Total is seeking to sell its 12.5 per cent stake in a major deepwater oilfield off the coast of Nigeria REUTERS reports.
The plan is reportedly an effort to adjust the energy company’s Africa portfolio amid a broad expansion.
Reuters reports that the stake in Oil Mining Lease (OML) 118, which is located some 120 kilometres (75 miles) off the Niger Delta, is valued at up to $750 million, according to two of the sources.
Investment bank Rothschild is running the sale process for Total, Reuters sources also said.
A spokeswoman for Total declined to comment. Rothschild equally declined to comment.
The sale process is part of Total’s plan to sell $5 billion of assets around the world by 2020, the sources said.

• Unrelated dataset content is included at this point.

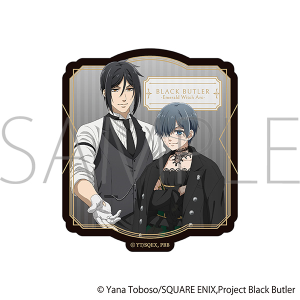 黒執事 -緑の魔女編- 推しキャラバッジコレクション／セバスチャン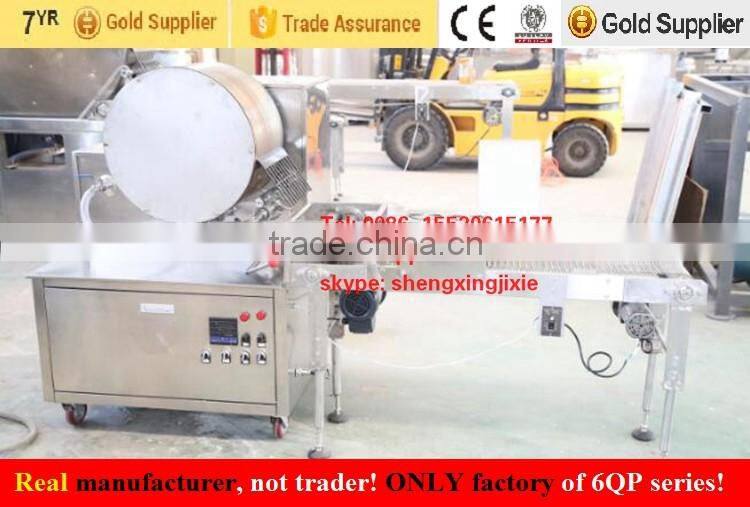 automatic crepe machine/crepes making machinery/spring roll sheets machine/samosa pastry machine ( real factory not trader)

Formerly Bonga field (Nigeria’s first deepwater project) before being renamed as OML 118, it is said to contain approximately 6,000 million barrels of oil.
It was discovered in 1996, and the federal government gave approval for its development in 2002 and began production in 2005.

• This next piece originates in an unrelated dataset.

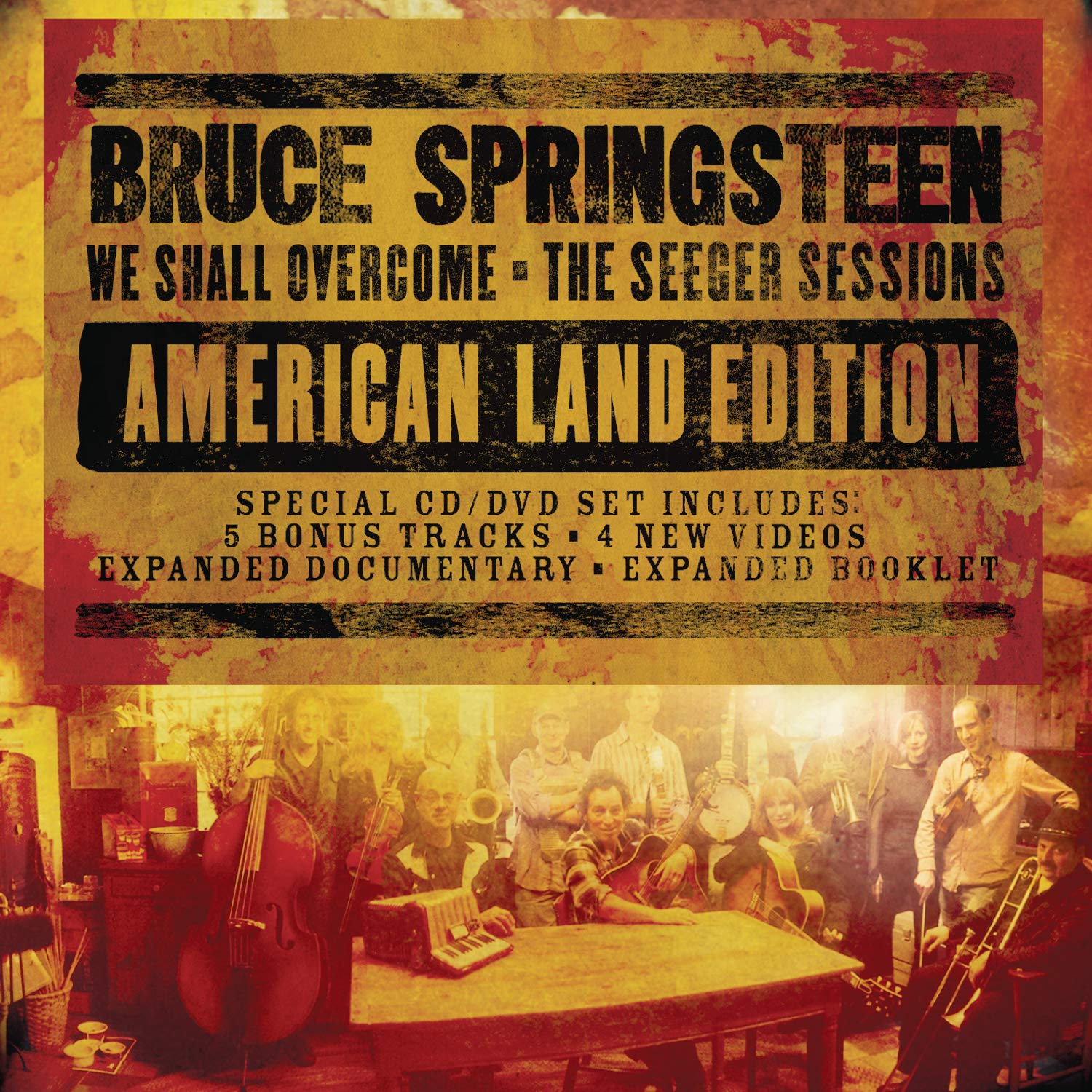 Cover: We Shall Overcome: The Seeger Sessions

It produced around 225,000 barrels of oil and 150 million standard cubic feet of gas per day at its peak.
The field produces both petroleums which are offloaded to tankers and natural gas which are piped back to Nigeria where it is exported via an LNG plant.
OML 118 is jointly operated by Royal Dutch Shell, who owns 55 per cent of the licence, Exxon Mobil holds 20 per cent, Italy’s Eni and Total each hold 12.5 per cent.

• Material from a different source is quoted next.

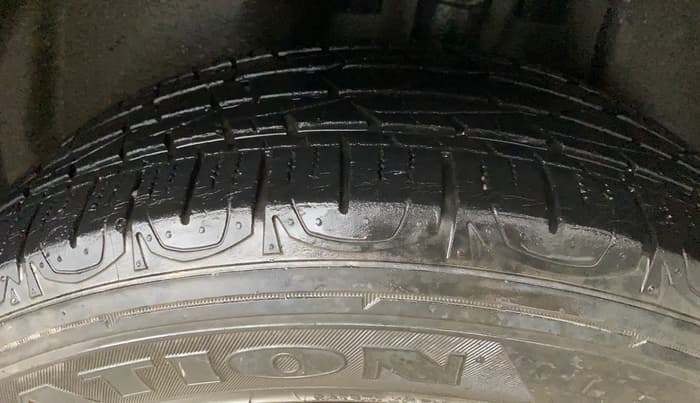 2018 Jeep Compass LIMITED (O) 1.4 PETROL AT, Petrol, Automatic, 37,835 km, Left Rear Tyre Tread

The output from the block is planned to grow sharply with the $10 billion development of the Bonga South-west field which is expected to produce up to 200,000 BPD, roughly 10 per cent of Nigeria’s current oil production.
Total Nigeria recently partnered with the Nigerian National Petroleum Corporation to grow daily crude oil and gas production and reserves to meet the national target of 40 billion barrels.
The company in partnership with NNPC said it has developed the last three Floating Production Storage Offloading’s (FPSOs) in Nigeria and wants to build on that.
Vast resources, less attraction
Nigeria’s vast oil resources have attracted foreign oil companies for decades but changes to the country’s oil revenue laws as well as an unexpected tax levy over the past year could make investments in offshore projects less attractive.
Shell and its partners were expected to make an investment decision on Bonga South-west last year but uncertainty over its fiscal terms with the Nigerian government has delayed the process.
Shell in February launched a tender for bids for a 225,000 BPD floating production, storage, and offloading vessel for the new development phase.
It has since pushed back the schedule for the bids.
The sale comes as Total prepares to expand its operations in Africa after agreeing earlier this year to buy Anadarko’s Africa portfolio for $8.8 billion as part of its acquisition by U.S. rival Occidental Corp.
Total in January started production from the Egina oilfield off Nigeria’s coast which is expected to plateau at 200,000 BPD of oil.